The final consideration when building out your LLM products is the criteria of the database to store all the resulting data. As mentioned in the previous section, unlike general application monitoring, here you will want to keep track of the queries and replies.
It will be a lot of text to maintain. Judging from initial tests, a typical session might be five queries to the product, each of them using about 600 tokens or 0.001 Mb of data. For one user, the cost is negligible. But if your product engages with 10,000+ user queries every day, you’ll need to store many gigabytes of data every month. And afterwards the data needs to be available for efficient analysis. Furthermore, you’ll need to secure your data to ensure privacy across clients’ queries. Anonymizing is not enough. You will need to limit access to raw data to only a handful of trusted staff and maintain strict governance with role-based access control (RBAC).
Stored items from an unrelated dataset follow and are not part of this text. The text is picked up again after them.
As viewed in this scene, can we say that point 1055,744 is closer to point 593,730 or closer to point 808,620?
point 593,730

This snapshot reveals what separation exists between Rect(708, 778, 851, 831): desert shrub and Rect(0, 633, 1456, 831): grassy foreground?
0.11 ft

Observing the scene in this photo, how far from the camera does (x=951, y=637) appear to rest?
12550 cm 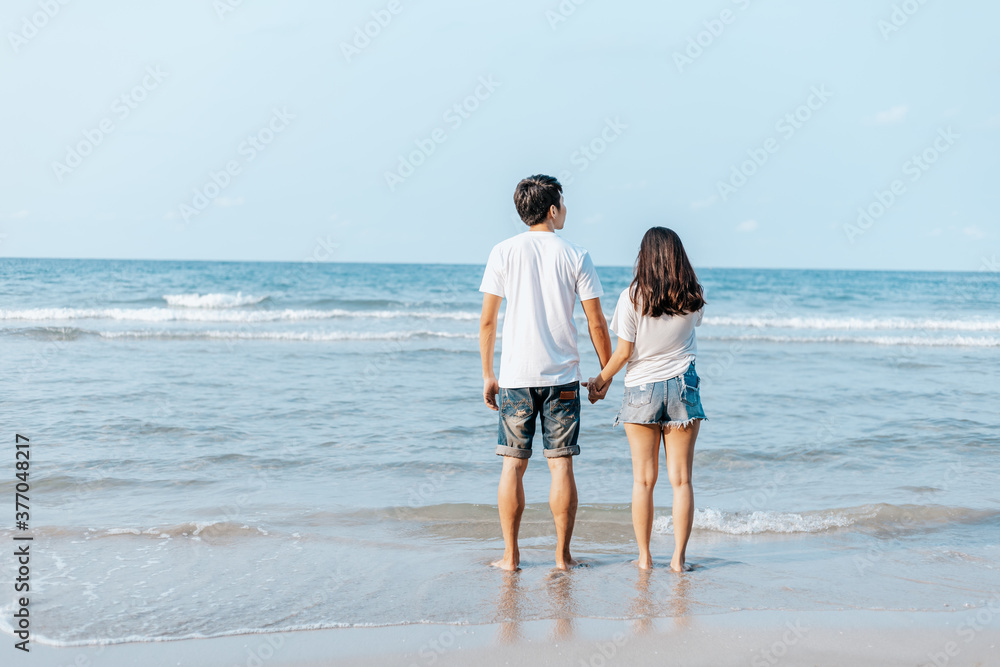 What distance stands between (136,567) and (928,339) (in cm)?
1823

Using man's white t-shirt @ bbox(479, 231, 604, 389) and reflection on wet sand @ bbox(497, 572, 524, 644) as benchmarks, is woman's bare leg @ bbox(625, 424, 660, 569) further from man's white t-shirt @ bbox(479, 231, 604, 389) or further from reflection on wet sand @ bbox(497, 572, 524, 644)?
reflection on wet sand @ bbox(497, 572, 524, 644)

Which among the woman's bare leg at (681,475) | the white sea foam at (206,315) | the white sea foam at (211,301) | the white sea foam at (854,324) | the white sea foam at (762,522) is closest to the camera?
the woman's bare leg at (681,475)

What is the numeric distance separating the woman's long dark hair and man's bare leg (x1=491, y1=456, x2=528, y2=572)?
1053mm

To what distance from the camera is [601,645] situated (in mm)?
2988

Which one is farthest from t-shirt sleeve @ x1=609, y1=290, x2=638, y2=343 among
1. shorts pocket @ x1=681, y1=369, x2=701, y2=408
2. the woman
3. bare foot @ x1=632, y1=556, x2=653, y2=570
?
bare foot @ x1=632, y1=556, x2=653, y2=570

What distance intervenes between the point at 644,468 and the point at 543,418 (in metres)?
0.61

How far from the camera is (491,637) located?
3051mm

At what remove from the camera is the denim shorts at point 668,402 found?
12.1ft

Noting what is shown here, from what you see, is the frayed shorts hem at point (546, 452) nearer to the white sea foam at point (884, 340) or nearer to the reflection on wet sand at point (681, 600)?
the reflection on wet sand at point (681, 600)

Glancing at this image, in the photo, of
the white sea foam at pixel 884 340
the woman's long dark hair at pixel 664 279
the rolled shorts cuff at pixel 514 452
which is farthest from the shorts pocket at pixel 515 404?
the white sea foam at pixel 884 340

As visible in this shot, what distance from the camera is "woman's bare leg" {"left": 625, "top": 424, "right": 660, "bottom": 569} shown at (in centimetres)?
378

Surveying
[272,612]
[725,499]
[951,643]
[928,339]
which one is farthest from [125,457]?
[928,339]

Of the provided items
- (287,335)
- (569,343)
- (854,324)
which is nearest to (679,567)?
(569,343)

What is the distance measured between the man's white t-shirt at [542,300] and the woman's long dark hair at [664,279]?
9.6 inches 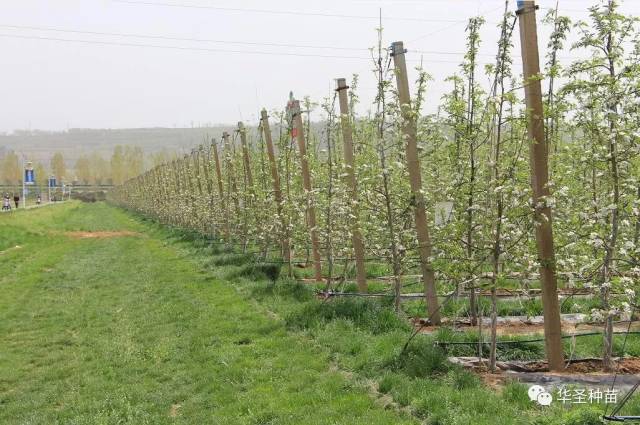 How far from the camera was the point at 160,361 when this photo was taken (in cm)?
735

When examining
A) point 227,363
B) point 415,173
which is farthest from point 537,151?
point 227,363

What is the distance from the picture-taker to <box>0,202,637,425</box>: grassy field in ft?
16.6

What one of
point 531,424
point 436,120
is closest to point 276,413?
point 531,424

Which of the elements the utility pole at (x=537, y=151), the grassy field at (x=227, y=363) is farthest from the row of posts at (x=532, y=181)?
the grassy field at (x=227, y=363)

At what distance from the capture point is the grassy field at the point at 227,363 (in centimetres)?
506

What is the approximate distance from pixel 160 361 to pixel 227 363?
1.06 metres

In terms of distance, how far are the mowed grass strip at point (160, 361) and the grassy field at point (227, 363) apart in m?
0.02

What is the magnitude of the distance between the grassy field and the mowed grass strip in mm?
21

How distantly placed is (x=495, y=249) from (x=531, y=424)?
1.84m

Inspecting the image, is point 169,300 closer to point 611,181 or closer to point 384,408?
point 384,408

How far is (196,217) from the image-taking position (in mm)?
22562

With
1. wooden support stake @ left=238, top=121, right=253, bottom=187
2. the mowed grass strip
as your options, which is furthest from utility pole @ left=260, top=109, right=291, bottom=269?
the mowed grass strip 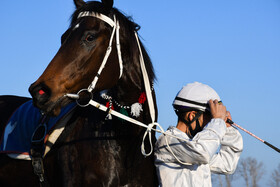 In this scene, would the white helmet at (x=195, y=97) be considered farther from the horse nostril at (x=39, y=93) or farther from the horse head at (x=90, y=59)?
the horse nostril at (x=39, y=93)

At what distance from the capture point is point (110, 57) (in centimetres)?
404

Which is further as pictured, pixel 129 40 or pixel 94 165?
pixel 129 40

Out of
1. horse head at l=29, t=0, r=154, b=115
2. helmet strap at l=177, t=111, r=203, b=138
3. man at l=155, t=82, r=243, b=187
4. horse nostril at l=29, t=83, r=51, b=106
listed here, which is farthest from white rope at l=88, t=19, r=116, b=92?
helmet strap at l=177, t=111, r=203, b=138

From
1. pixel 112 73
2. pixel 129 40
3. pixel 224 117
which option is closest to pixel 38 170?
pixel 112 73

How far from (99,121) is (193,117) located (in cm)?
98

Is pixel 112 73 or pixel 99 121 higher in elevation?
pixel 112 73

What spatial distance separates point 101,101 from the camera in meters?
4.41

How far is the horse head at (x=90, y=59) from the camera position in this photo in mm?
3631

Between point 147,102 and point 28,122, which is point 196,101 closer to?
point 147,102

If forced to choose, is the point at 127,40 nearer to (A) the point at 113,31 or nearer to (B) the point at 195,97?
(A) the point at 113,31

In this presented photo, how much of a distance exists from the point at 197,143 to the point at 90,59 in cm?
130

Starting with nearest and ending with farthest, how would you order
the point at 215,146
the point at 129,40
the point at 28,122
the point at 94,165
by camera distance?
the point at 215,146 → the point at 94,165 → the point at 129,40 → the point at 28,122

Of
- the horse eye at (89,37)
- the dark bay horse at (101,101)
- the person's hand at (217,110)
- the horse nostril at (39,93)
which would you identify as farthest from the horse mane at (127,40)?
the horse nostril at (39,93)

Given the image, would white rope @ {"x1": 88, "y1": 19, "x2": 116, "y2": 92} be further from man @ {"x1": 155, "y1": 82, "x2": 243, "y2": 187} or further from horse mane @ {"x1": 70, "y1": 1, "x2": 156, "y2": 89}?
man @ {"x1": 155, "y1": 82, "x2": 243, "y2": 187}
Only aggregated statistics should be available for general internal analysis, and even that data must be secured. Either on purpose or accident, your clients will undoubtedly include proprietary information in their requests, which would need to be locked down and protected. And because the raw data is kept secure, set up your underlying database to support the multiple views built on top of it. This requires fast and efficient lookups.
Overall, it’s clear that introducing conversational functionality to your products could transform the way users engage with them. And as is well known, to truly understand client engagement it’s critical to monitor how and if they are using the tools. While you can monitor LLM tools with methods like those tracking regular engagement or Q/A systems, ultimately these tools will require bespoke solutions to be truly effective.
At FactSet, our cognitive and artificial intelligence teams have been utilizing Machine Learning and AI throughout our product since 2007. We’ve also been using Large Language Models such as Bloom, Google’s BERT, and T5 across our suite of products and services since 2018. More specifically, Large Language Models have enabled higher productivity and optimization within data extraction, natural language understanding for search and chat, text generation, text summarization, and sentiment analysis across FactSet’s digital platform.
Our use of LLMs has resonated with clients over the years. We are further investigating key areas of promise from newer LLM models, for example, for summarization and authoring, domain-specific search, and text-to-code functionality. LLM costs, commercial availability, security, and suitability to specific use cases can vary quite a bit, but we are committed to advancing our capabilities further as the LLM market evolves. We also continue our commitment to the privacy and protection of clients’ proprietary information.
This blog post is for informational purposes only. The information contained in this blog post is not legal, tax, or investment advice. FactSet does not endorse or recommend any investments and assumes no liability for any consequence relating directly or indirectly to any action or inaction taken based on the information contained in this article.